[WORK TO COMPLETE]
The data below holds the lines to copy: everything from the line containing "Tree Species That" to the line containing "A.LAB Raw Hem", both ends included, set down exactly.
===== RECORDS PROVIDED
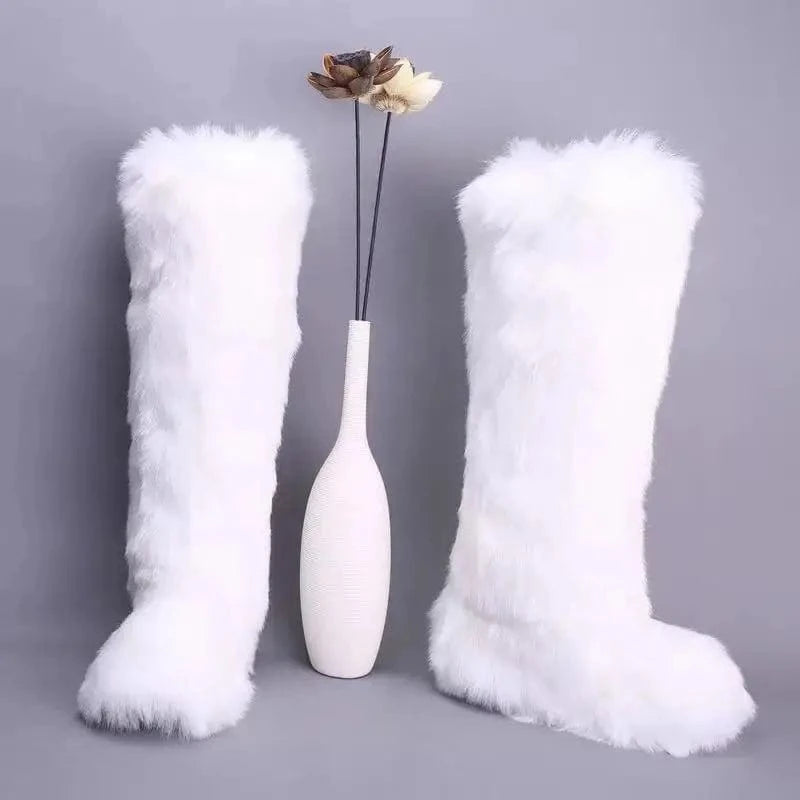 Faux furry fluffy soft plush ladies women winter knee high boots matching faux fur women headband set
==========
===== RECORDS PROVIDED
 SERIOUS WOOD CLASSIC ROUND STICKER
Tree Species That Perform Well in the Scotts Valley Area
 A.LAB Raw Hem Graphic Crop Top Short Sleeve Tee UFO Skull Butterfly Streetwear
==========
[RESPONSE TO THE EXERCISE]
Tree Species That Perform Well in the Scotts Valley Area
 A.LAB Raw Hem Graphic Crop Top Short Sleeve Tee UFO Skull Butterfly Streetwear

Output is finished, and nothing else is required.